Nell’anno 1843 li 4 gennaio, la compagnia del suffragio fece acquisto dal suddetto signor notaio Rovea di quel resto di convento che fu ridotto a chiesa mortuaria sotto il titolo di S. Agostino, molto frequentata dai cittadini Cevesi, i quali ben sovente vi fan celebrar messe pei loro defunti.



Note

  1. Vi era nella Chiesa suddetta la iscrizione relativa alla sua consecrazione fatta da M. Biglione, Vescovo Cononiense o Conacense, o di Cahonia, Vicario Generale del Vescovo di Mondovì Carlo de Camera, ed Arciprete della stessa Cattedrale, colla licenza del Vescovo d’Alba.
    L’iscrizione per avventura ci fu conservata dal dotto e benemerito Can. e Cav.

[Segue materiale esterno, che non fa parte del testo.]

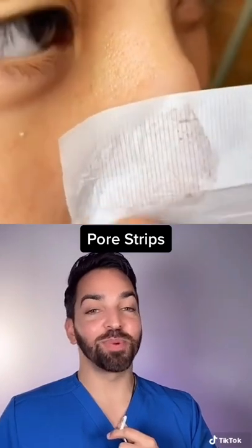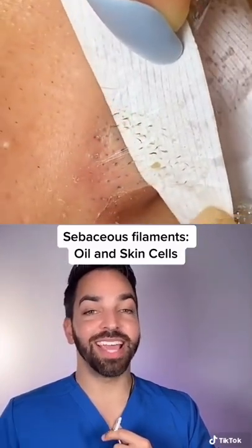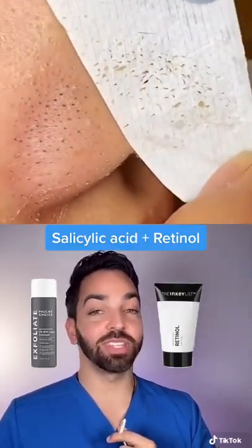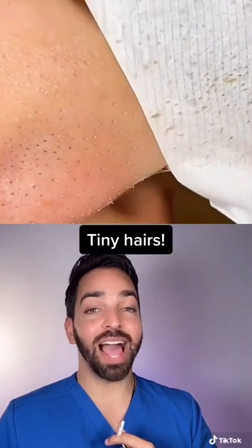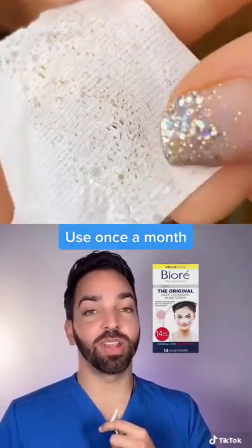This is just a modified super powered pore strip. Those yellow dots right there are just oil and dead skin cells that clog your pores — using retinol and salicylic acid really helps to prevent them. But those black lines are actually tiny little hairs, and using a pore strip once a month is a really good way to get rid of that.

Grassi nelle sue Memorie storiche della Chiesa di Monteregale in Piemonte ecc. Torino MDCCXXXIX, Stamperia Reale; ed è la seguente;

    Ad laudē eterni et ōipotētis Dei
    Ad honrē Bē Spqūe ginis Mē
    Grā loci Ceve consecrata fuit
    Psēs Ecclesia
    1530 D. 23 octobris
    Q. fuit Dnīca Dies per verēdiss
    Imū Dinū Dminū Ioanē Mariā
    De Biglionibus de Mōnteregali
    Epm Canonhiesē Archipresbitq. ec.
    Chat.lis ejusdē Civitāt. et Vicar. gnalē
    Eyusdē Diocesis de licēn. R.mi D.ni Epi
    Alben et Comit.

    (A. B.)

  2. Due almanacchi stampati in Mondovì per l’anno 1648 da Rosso e Gislandi, uno piccolo intitolato: Almanacco astrologico; e l’altro grande intitolato: Accademia planetaria. Quest’ultimo conteneva la predizione della morte di Madama Reale. Non si trovano nella Tipografia del Grassi, ma sono citati dal Cibrario nella Storia di Torino. (A. B.)